Vajinismusu olan kadınların bunun bir aile sorunu olmadan doktora başvurmaları gerekmektedir. Bu sağlık probleminin başarılı ve doğru bir tedavi ile çözüldüğünü göz ardı etmemeleri gerekmektedir.

Vajinismus Tedavisinde Hangi Yöntemler Denenmektedir ?

Vajinismus tedavisi için öncelikle özel ilgi alanı cinsel bozukluklar olan bir hekime başvurmak gerekmektedir.Doktor tarafından çiftin cinsel öyküsü alınır ve gerekli gördüğü durumlarda tam bir jinekolojik muayene yapılır. Ama Vajinismus sorunu olan kadınların büyük çoğunluğu jinekolojik muayene olmak istemezler, hatta muayene hakkında konuşulması bile aynen ilişkide olduğu gibi panik ve korkuya sebep olabilir. Daha sonra bilinç altındaki gereksiz korkuları yenmek için danışanların rahatlatılması, gevşemesi, heyecan ve korkuları yatıştıracak ruhsal bir ortam oluşturulması için cinsel terapiye geçilir.
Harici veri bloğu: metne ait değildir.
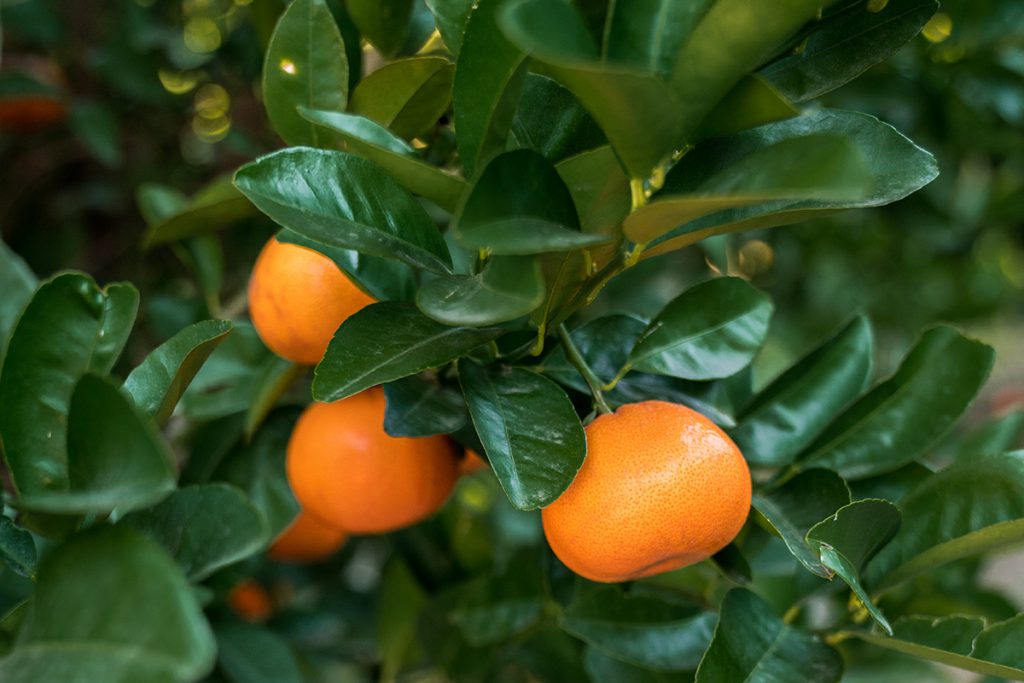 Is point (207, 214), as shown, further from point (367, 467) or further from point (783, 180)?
point (783, 180)

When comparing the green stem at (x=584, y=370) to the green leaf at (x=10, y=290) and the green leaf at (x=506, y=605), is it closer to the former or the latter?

Cinsel terapi sırasında danışanlara ayna tutma egzersizleri, idrar tutma egzersizleri, çatı kaslarını gevşetme ve kasma egzersizleri, Kegel egzersizleri, parmak egzersizleri, çubuklarla genişletme egzersizleri, sınırlı penis girişi egzersizleri öğretilir. Doktor tarafından gerekli görülürse vajinanın plastik kanüller ( molt) veya parmaklarla genişletilmesi yapılabilir.

Egzersizler sırasında yapay kayganlaştırıcılar kullanılmalıdır. Cinsel terapide eşten gelen ruhsal destek çok önemlidir. Cinsel terapide ilişki öncesi ön sevişmenin uzun tutulması ve kadının iyice uyarılmasının üzerinde durulur.Uygun görmesi durumunda ilaç tedavisi de uygulanabilir. Cinsel terapi süresi hastalığın şiddetine göre birkaç seanstan 10-12 seansa kadar değişebilir. Son günlerde vajinismus tedavisinde botoks (botox) tedivisi de uygulanmaktadır.

Uygun tedavi yöntemleri ve tecrübeli bir cinsel terapist ile tedavi şansı % 90 -95`dir. Son olarak vajinismus kızlık zarının kalın olmasına bağlı ise veya hasta bunu bilinç altında bir engel olarak kabul ediyor ise , cerrahi bir yöntemle bu zarın kesilmesi yani “hymenektomi” yapılabilmektedir.